Pulmonary artery endothelial injury and pulmonary hypertension induced by Kawasaki disease[J]. Chinese Heart Journal, 2018, 30(3): 264-269.
    Citation: Pulmonary artery endothelial injury and pulmonary hypertension induced by Kawasaki disease[J]. Chinese Heart Journal, 2018, 30(3): 264-269.
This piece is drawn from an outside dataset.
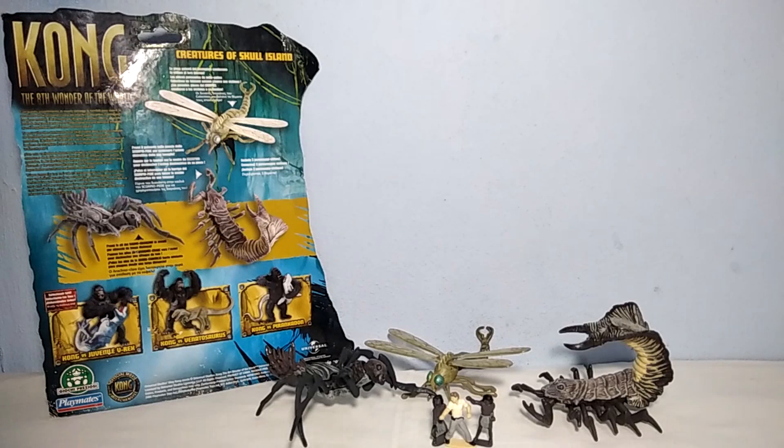Anyways, that's it for you guys — the Playmates Kong: The 8th Wonder of the World, Creatures of Skull Island playset. Thanks for watching the video. Hope you enjoyed and it helped you out. I'm gonna see you next time. Bye.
    Pulmonary artery endothelial injury and pulmonary hypertension induced by Kawasaki disease

    • AIM To investigate the effects of Kawasaki disease (KD) on pulmonary vascular endothelial function and to evaluate any correlation with pulmonary hypertension. METHODS Forty rats (1 month old) were randomly divided into a control group and a KD group. The rats in the KD group were intraperitoneally injected with lactobacillus casei cell wall extract (LCWE) 0.5 ml (1 mg/ml). Two weeks after modeling, coronary artery and pulmonary artery injury were histopathologically assessed. Blood pressure, right ventricular pressure, right ventricular hypertrophy index and pulmonary artery diastolic function were measured. The levels of antioxidant enzymes MnSOD, Catalase and oxidative stress were measured in pulmonary arterioles. RESULTS After 14 days of LCWE injection, coronary artery injury in the KD rats was successfully induced (P<0.05). On this basis, it was demonstrated that KD rats had lung injury, pulmonary edema, point/flaky hemorrhage, and neutrophil-like inflammatory cell infiltration. Pulmonary arterial endothelial cells were swollen, irregular intermittent hypertrophy appeared in the middle layer, and the lumen was partially narrowed and the pulmonary artery injury score increased (P<0.05). It was revealed that levels of MnSOD and Catalase in pulmonary arterioles were significantly lower than those in the control group (P<0.05), while levels of MPO and MDA in oxidative stress were significantly increased (P<0.05). The right ventricular pressure and hypertrophy index of the KD rats were significantly increased (P<0.05). In vitro vascular perfusion experiments confirmed that pulmonary arterial endothelium-dependent relaxation effect was significantly reduced in KD rats (P<0.01). CONCLUSION In addition to known coronary damaging effects, Kawasaki disease can lead to pulmonary arteritis, causing pulmonary arterial vascular injury and oxidative stress injury, which may potentially induce pulmonary hypertension and secondary heart injury.